The 3rd quarter of 2014 marked the 15th consecutive quarter that central banks were net purchasers of gold, according to the World Gold Council. Here’s a brief rundown of some of the notable international gold news this week:
- The ECB may begin buying gold, but for all the wrong reasons.
- Russia is buying gold hand-over-fist this year, accounting for 59% of all central bank gold purchases in Q3 2014.
- Switzerland votes on its gold referendum on November 30th. If passed, the Swiss National Bank may begin buying as much as 300 metric tons of gold per year. While news agencies are reporting that this wouldn’t affect the price of gold significantly, other analysts believe it could give a significant boost to the price.
- India keeps importing gold, though not on behalf of its central bank. Indian gold imports shot up fourfold, year-over-year, in October, totaling more than $4 billion worth of the yellow metal.

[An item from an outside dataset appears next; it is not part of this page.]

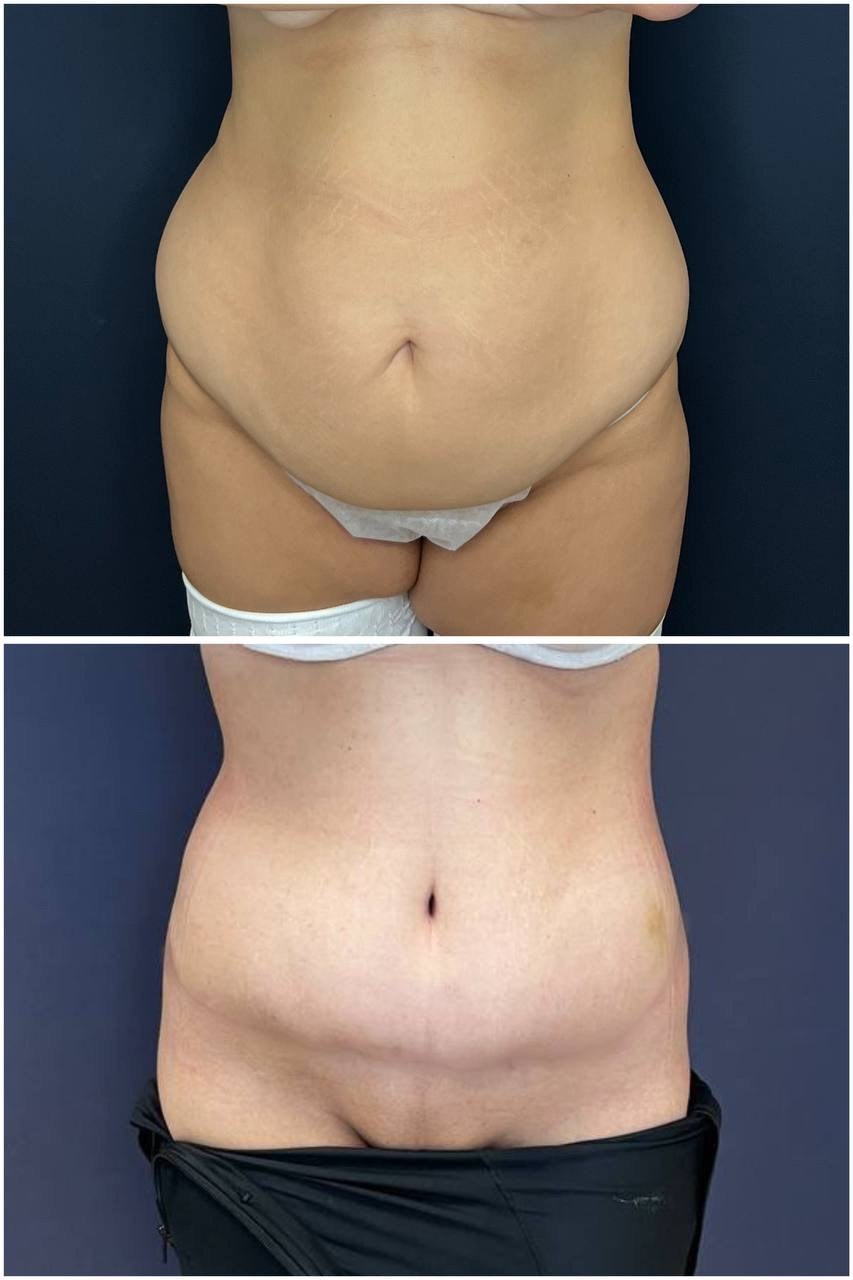 Всех приветствую! Результат нижнего бодилифтинга через 2 месяца после операции. Горбачевская Ксения Андреевна — пластический хирург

Perhaps these countries are starting to think like the financially conservative Paul Volcker, who recently had some scathing remarks about US monetary policy. Volcker is the former Federal Reserve Chairman who managed to stop inflation in its tracks back in the early 1980s. He is completely boggled by the Federal Reserve’s current course. Here are a few choice quotes from the Wall Street Journal article:
Mr. Volcker, who believes the Fed’s main goal is to defend the dollar’s stability, said he doesn’t even understand why the Fed adopted a 2% target for inflation. He asked, ‘Do we want prices to double every generation?’”
…
“‘The fate of the Federal Reserve can’t depend on the accuracy of the forecasts it makes two years ahead,’ he said. Offering up forecasts with greater frequency and details–the Fed now does this on a quarterly basis–simply demonstrates to the public ‘more frequently the forecasts aren’t that accurate.'”
Given Volcker’s sensible view of the economy, it’s no wonder that he stepped down from President Obama’s economic advisory board back in 2011. The likes of Obama, Bernanke, and Yellen certainly wouldn’t want anyone around who might draw attention to how damaging their economic policies are. Just as with Alan Greenspan, it’s unfortunate that Volcker has waited so long to call attention to the fundamental realities of monetary manipulation.